The asset class determines how steady the income is, how much the property might appreciate, who the tenants are, and what could go wrong. This guide compares the major DST asset classes, from multifamily and triple net to industrial and several others, so you can see how each one fits a different set of goals before committing 1031 proceeds on a deadline.
Why Asset Class Matters in a DST
A DST takes care of the structure. It makes the investment passive, keeps it eligible as 1031 replacement property, and hands day-to-day management to a professional sponsor. What the DST does not do is make every property the same. The types of DST properties on the market span several distinct asset classes, and each carries its own balance of income, growth potential, and risk.

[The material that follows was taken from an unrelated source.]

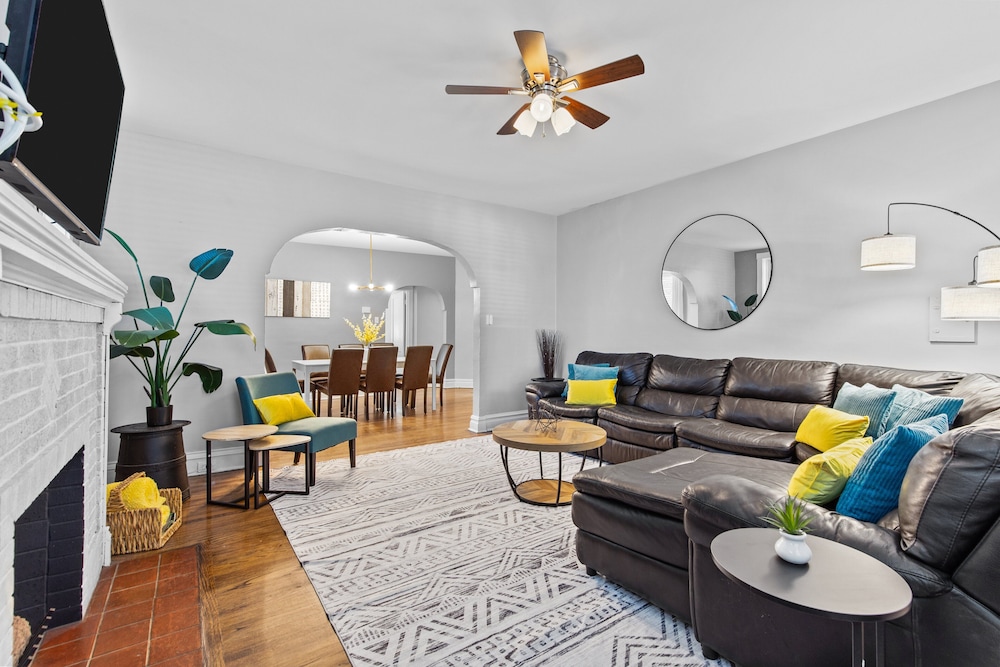 Apartment, Multiple Beds, Fireplace, City View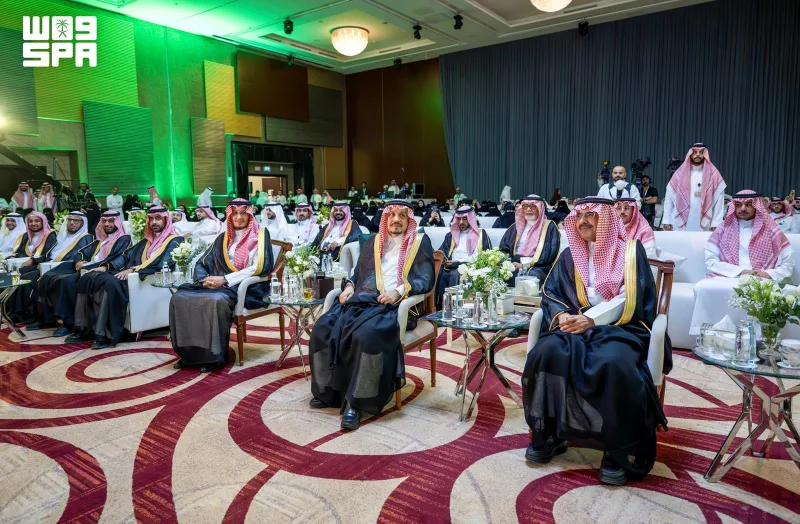 فيصل بن بندر يطلق "جائزة الممارسات القيمية" لجمعيات الأيتام في ملتقى "قيم تمكين الأيتام"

That distinction is where the real decision lives. One asset class might prioritize stable, predictable income while another leans toward appreciation, and the tenant profile behind each changes how exposed you are to a downturn or a vacancy. Because a 1031 exchange can be split across more than one DST, many investors deliberately combine asset classes to diversify rather than concentrating all of their proceeds in a single property type.
Multifamily DST
A multifamily DST holds apartment communities, and it is one of the most familiar asset classes for 1031 investors because the underlying demand is easy to understand. People always need somewhere to live, which gives multifamily a broad, diversified tenant base. With many units under one roof, a single vacancy represents a small fraction of the income rather than a cliff, which tends to smooth out cash flow.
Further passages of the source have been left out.